Today, March 14 is the birthday of Albert Einstein—a lifelong champion of questioning.
In honor of Questionmeister Einstein, LeadingWithQuestions.com has been delighted to join a Great Roster of Participating Organizations who are sponsoring Question Week, with the goal of increasing appreciation of the importance of questioning in education, business, and in our daily lives. Are you curious about Einstein and questioning? Click “HERE”
For the fifth consecutive year – from Sunday, March 11 to Saturday, March 17, 2018 people across the Internet are encouraged to share their stories and thoughts about the role of curiosity and questioning in their lives, or to share their own meaningful “beautiful questions”—all designed to create a national conversation around questioning. (See our visual Wonder Wall from 2016.) We are also inviting teachers in schools to set aside time during Question Week to tell students about the importance of questioning and to conduct exercises and activities that encourage kids to ask beautiful questions of their own.
Why is questioning so important?
Questioning is a critical tool for learning. It helps us solve problems and adapt to change. And increasingly, we’re coming to understand that questioning is a starting point for innovation. In a world of dynamic change, one could say that questions are becoming more important than answers. Today, what we “know” may quickly become outdated or obsolete—and we must constantly question to get to new and better answers.
Questions also spark the imagination. And we’re now learning that questions can help us motivate ourselves much better than resolutions or statements—all the while engaging the interest and support of others. Learning how to act on our questions can lead us toward solutions and creative breakthroughs. Einstein understood this; so do the people running Google, Amazon, and lots of other innovative endeavors.
So then, why don’t we question more?
Even as the need for more and better questioning is on the rise, research shows that for most of us, questioning lessens as we grow older. We start off asking hundreds of questions a day as kids—then questioning “falls off a cliff” by high school. In most schools questioning skills are not taught. And in an education system geared toward memorized answers and “teaching to the test,” questioning often gets squeezed out of the classroom.
The problem continues as we enter the workplace—because many businesses do not appreciate how critically important questioning is to innovation and business growth. Too often in business, questioning is seen as a distraction or a sign of weakness.
How can we spread the word about the power of questioning?
That is the “mission question” behind Question Week.

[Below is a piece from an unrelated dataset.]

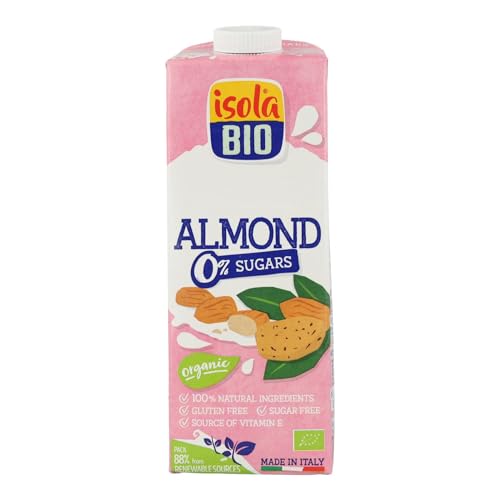 ISOLA BIO - Bebida Vegetal de Almendras de 1 L, sin Azúcares Añadidos y Sin Lactosa, Apto para Veganos, Optima para Tomar Sola, con Café o en Batidos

Questioning is a known positive force, but as author Warren Berger says, it is “under-valued, under-taught and under-utilized.” The annual Question Week is part of an effort to educate people on this important topic and to re-ignite the spark of inquiry we all have within us. Questioning is a key way to keep our kids engaged in school and our companies competitive in the global marketplace.
Question Week encourages everyone from school kids to CEOs to think about asking better questions themselves, and to also encourage others around them to question more mindfully.
The message is: We all should be asking more “Better Questions.”
Can you get better at questioning?
The answer is yes. Questioning is something anyone can do—however, the best questioners apply certain skills and methods that enable them to formulate better questions. And that helps them to solve problems, come up with better ideas, and achieve greater results.
Two Questions for you:
- What might be the best question you have ever been asked?
- What might be the best question you have ever asked?